Coordination of multiple mobile manipulators for ordered sorting of cluttered objects
Jeeho Ahn, Seabin Lee, Changjoo Nam
TL;DR
This work tackles coordinating multiple mobile manipulators to sort objects in clutter according to a prescribed order, a $\,mathcal{NP}$-hard nonmonotone rearrangement problem. It introduces a two-stage approach: (i) a search-based planner that builds a minimum-length sorting sequence $\mathcal{O}_S$ while accommodating occlusions, and (ii) a greedy multi-robot task allocator that dispatches objects to $M$ robots for parallel execution; four search variants (BFS, DFS, Best-First, and $A^*$) are analyzed for completeness and optimality where applicable. The authors provide admissible heuristics, polynomial-time utilities for accessibility and relocation decisions, and formal results (Theorems 4.2, 4.3, and Proposition 4.4) to support the method's guarantees. Empirical results on random instances and dynamic Unity-ROS simulations show that Best-First and DFS offer practical speed and robustness, achieving fast sequence generation and effective multi-robot coordination, with high success rates and near-optimal sorting sequences. The framework lays a foundation for scalable, real-world multi-robot ordered sorting in clutter and could be extended to more complex object geometries and additional constraints.
Abstract
We present a coordination method for multiple mobile manipulators to sort objects in clutter. We consider the object rearrangement problem in which the objects must be sorted into different groups in a particular order. In clutter, the order constraints could not be easily satisfied since some objects occlude other objects so the occluded ones are not directly accessible to the robots. Those objects occluding others need to be moved more than once to make the occluded objects accessible. Such rearrangement problems fall into the class of nonmonotone rearrangement problems which are computationally intractable. While the nonmonotone problems with order constraints are harder, involving with multiple robots requires another computation for task allocation. The proposed method first finds a sequence of objects to be sorted using a search such that the order constraint in each group is satisfied.
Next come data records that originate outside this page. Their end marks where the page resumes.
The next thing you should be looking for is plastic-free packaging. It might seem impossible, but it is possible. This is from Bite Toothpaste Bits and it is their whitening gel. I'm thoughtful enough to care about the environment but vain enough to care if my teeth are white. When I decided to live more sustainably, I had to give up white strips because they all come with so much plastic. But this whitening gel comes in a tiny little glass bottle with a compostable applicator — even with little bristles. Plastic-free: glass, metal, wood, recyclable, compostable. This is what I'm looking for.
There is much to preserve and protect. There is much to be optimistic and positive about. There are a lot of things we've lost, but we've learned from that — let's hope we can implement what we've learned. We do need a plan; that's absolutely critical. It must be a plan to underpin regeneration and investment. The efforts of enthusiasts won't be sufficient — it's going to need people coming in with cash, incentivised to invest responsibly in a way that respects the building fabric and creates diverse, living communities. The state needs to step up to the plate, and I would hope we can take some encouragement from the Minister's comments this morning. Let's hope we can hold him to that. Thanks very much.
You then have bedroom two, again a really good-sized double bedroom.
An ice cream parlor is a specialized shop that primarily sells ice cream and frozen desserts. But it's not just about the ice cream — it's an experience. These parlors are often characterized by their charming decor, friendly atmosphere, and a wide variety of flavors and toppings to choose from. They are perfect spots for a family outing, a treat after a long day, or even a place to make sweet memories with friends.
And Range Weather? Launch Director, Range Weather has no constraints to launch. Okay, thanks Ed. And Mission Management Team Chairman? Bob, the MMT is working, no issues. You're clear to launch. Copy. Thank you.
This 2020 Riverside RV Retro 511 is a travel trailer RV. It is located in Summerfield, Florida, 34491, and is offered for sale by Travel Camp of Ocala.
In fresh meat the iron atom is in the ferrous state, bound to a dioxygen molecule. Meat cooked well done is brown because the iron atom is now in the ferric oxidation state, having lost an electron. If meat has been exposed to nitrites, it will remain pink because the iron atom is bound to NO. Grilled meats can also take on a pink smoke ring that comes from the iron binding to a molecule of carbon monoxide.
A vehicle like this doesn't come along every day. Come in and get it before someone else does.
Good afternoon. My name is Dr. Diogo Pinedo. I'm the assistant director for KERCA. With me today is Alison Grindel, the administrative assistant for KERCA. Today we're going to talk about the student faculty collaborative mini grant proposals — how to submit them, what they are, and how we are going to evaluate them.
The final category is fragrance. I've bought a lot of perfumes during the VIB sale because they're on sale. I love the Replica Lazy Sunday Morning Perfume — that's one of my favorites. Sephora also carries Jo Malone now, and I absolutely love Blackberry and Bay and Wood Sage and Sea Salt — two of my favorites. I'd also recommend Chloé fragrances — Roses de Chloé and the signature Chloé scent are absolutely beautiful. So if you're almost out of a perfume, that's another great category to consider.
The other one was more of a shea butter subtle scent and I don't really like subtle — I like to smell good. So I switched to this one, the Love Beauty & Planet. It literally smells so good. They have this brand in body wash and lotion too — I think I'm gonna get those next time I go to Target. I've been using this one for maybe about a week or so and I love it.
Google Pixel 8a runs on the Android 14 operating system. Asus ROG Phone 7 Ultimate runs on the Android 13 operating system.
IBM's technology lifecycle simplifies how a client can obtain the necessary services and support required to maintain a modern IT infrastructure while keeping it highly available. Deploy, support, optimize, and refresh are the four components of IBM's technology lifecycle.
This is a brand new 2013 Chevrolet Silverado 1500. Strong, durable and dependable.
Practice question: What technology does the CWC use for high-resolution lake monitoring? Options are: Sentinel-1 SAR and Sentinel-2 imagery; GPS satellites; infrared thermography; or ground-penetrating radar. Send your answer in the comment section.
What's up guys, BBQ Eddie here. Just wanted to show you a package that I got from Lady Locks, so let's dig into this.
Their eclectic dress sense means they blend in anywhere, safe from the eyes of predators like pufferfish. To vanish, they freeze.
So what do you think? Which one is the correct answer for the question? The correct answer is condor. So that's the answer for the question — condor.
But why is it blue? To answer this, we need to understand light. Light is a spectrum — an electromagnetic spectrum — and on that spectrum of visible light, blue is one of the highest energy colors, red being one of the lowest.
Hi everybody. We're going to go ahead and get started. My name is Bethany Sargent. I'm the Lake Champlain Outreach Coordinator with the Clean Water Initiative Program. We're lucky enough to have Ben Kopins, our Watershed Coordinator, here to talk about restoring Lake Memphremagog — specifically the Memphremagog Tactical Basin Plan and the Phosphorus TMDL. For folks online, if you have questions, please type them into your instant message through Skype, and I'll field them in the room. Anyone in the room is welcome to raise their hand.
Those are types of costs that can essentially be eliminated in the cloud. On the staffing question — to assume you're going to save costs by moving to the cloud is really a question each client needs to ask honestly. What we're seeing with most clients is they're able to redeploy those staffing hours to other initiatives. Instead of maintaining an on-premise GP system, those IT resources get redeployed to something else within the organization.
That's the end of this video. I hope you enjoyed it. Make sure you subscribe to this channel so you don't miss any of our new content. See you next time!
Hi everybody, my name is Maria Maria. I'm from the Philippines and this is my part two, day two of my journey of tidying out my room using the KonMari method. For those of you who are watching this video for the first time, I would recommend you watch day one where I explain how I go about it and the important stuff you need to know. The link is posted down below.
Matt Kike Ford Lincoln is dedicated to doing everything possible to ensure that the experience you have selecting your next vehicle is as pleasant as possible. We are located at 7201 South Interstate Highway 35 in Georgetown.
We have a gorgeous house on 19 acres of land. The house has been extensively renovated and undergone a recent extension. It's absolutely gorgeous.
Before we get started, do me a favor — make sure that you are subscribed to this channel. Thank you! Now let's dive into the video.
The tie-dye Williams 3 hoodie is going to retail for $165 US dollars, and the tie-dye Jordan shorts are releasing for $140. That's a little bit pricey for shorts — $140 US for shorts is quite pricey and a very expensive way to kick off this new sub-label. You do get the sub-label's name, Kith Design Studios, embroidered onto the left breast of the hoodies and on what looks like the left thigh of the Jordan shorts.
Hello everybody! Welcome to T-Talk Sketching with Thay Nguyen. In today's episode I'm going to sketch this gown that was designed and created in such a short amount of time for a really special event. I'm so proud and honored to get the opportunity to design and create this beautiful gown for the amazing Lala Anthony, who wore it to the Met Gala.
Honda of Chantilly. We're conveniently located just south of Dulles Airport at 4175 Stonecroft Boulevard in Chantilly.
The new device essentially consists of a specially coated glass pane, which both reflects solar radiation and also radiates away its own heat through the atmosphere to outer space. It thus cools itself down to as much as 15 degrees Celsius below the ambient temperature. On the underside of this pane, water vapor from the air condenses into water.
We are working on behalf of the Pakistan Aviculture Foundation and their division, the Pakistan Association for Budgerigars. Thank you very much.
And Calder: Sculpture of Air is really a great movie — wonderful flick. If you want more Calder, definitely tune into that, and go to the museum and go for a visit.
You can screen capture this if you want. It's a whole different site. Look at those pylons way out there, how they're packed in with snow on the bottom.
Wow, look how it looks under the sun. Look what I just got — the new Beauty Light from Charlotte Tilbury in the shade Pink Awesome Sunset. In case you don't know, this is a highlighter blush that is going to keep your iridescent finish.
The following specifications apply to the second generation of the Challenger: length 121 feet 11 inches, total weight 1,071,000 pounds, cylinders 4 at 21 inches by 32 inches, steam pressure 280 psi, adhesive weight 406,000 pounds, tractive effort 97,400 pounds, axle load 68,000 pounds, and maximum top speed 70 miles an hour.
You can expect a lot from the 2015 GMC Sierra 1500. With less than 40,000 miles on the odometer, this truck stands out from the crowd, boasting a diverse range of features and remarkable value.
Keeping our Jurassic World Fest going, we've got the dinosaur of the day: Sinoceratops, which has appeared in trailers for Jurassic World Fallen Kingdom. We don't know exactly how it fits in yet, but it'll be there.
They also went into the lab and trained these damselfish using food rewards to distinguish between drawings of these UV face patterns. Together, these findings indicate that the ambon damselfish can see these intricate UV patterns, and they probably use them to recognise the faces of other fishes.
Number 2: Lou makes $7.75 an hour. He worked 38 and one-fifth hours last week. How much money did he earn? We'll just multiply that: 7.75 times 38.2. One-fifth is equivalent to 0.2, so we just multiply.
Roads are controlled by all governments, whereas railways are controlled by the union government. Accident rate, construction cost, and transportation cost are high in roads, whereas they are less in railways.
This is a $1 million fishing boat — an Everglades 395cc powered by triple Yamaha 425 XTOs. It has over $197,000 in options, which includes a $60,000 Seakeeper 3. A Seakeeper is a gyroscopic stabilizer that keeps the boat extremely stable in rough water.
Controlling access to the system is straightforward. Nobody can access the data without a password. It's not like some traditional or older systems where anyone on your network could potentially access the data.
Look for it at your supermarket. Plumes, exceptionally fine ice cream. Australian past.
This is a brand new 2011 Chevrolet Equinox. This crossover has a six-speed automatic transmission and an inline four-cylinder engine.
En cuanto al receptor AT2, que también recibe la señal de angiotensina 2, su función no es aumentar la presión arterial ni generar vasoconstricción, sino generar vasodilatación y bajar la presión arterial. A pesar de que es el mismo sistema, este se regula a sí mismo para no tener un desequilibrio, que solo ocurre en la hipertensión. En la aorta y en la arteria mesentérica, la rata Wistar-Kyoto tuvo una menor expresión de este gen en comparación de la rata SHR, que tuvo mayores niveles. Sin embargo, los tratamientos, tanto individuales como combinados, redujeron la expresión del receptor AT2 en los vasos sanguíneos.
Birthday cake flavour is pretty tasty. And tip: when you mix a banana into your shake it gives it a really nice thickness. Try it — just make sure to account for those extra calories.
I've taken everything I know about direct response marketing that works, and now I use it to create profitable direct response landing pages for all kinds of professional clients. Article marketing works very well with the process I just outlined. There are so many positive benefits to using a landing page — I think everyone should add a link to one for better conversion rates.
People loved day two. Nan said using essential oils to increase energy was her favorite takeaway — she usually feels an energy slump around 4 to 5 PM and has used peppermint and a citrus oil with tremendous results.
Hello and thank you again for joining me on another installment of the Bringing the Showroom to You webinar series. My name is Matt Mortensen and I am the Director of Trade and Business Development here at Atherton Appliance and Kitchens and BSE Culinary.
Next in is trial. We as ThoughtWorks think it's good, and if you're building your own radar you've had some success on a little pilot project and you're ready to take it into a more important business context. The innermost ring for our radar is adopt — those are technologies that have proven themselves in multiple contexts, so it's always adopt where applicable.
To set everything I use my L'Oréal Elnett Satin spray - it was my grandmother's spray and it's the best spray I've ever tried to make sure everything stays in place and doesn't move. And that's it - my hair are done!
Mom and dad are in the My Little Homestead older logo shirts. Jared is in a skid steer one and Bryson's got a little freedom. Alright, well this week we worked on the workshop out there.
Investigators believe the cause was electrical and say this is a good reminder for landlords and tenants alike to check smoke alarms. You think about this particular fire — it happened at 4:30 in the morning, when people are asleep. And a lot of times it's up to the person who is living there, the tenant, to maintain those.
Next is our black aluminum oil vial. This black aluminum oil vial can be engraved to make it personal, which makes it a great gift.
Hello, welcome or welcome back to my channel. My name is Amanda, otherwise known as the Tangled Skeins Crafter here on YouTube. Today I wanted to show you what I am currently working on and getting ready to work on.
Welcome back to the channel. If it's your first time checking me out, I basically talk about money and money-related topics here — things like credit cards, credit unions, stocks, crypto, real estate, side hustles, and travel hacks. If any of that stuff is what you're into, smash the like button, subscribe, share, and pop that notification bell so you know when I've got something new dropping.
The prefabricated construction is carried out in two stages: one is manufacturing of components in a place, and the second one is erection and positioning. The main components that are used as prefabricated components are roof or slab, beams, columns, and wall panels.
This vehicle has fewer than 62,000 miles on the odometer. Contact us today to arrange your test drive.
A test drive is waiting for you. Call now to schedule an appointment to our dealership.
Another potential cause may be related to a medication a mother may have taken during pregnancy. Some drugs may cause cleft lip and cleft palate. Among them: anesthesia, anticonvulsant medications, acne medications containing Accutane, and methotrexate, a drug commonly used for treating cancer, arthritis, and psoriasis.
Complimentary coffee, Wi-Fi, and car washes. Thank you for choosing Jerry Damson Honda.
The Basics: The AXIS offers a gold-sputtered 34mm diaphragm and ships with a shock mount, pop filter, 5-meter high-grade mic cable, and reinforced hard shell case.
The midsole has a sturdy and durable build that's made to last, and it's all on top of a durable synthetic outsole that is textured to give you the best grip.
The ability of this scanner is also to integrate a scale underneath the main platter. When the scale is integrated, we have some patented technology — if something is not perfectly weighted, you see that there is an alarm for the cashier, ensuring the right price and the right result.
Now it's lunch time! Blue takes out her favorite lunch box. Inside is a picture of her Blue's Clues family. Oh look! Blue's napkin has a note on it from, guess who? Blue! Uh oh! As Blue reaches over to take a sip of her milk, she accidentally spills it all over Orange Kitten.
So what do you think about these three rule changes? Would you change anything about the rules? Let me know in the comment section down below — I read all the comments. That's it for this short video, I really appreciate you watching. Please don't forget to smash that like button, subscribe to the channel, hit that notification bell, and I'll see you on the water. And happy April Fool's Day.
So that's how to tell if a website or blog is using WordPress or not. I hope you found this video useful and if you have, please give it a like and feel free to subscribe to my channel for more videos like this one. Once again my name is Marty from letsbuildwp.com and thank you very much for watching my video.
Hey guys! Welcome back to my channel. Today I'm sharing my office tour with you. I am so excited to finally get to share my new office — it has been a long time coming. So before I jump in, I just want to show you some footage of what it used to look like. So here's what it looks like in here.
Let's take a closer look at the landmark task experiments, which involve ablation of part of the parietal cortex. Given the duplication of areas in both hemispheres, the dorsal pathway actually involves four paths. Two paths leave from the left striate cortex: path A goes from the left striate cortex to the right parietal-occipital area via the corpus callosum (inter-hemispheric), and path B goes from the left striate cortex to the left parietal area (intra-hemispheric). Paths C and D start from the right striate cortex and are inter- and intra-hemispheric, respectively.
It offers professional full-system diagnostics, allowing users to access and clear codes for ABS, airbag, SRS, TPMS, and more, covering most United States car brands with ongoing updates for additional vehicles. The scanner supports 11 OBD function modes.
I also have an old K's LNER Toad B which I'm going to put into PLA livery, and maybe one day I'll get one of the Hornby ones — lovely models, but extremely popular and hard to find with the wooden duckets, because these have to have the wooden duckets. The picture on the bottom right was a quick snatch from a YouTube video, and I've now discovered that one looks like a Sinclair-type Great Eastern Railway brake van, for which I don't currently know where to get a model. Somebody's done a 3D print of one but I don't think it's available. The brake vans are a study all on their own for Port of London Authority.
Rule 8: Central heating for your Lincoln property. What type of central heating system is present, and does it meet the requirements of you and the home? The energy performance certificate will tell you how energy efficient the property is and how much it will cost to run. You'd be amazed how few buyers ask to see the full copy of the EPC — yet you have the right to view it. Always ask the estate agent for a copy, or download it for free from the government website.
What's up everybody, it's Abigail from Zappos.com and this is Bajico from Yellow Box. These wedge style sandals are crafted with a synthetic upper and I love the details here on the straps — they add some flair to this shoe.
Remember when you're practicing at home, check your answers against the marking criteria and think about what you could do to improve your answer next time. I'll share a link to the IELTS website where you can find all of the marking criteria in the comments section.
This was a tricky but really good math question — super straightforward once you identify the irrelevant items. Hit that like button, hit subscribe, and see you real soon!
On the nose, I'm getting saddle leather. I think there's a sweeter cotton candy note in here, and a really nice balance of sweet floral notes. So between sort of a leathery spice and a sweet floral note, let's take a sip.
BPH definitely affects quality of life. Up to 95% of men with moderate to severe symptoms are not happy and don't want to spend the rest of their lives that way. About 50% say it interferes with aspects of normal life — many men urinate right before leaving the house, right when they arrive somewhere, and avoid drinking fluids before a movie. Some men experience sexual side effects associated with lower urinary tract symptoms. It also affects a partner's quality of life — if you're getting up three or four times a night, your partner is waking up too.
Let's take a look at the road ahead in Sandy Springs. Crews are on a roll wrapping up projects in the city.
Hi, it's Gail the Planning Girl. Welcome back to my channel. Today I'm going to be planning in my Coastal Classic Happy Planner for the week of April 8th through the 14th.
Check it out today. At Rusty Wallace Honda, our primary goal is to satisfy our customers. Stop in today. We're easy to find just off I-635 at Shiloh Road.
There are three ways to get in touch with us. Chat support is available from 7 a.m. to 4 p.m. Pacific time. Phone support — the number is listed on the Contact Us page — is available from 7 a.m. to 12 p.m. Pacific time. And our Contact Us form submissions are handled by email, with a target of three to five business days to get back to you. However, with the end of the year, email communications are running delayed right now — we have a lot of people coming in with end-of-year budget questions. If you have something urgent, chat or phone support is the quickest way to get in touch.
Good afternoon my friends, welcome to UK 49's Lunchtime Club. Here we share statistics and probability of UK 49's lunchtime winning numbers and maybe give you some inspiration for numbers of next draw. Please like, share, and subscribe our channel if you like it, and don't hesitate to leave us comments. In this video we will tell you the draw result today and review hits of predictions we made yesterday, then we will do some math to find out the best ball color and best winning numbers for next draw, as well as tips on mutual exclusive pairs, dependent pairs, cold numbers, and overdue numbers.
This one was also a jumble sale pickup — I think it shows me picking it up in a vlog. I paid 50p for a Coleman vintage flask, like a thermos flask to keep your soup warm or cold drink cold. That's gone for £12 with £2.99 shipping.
The search can solve nonmonotone instances that require temporal relocation of some objects to access the next object to be sorted. Once a complete sorting sequence is found, the objects in the sequence are assigned to multiple mobile manipulators using a greedy allocation method. We develop four versions of the method with different search strategies. In the experiments, we show that our method can find a sorting sequence quickly (e.g., 4.6 sec with 20 objects sorted into five groups) even though the solved instances include hard nonmonotone ones. The extensive tests and the experiments in simulation show the ability of the method to solve the real-world sorting problem using multiple mobile manipulators.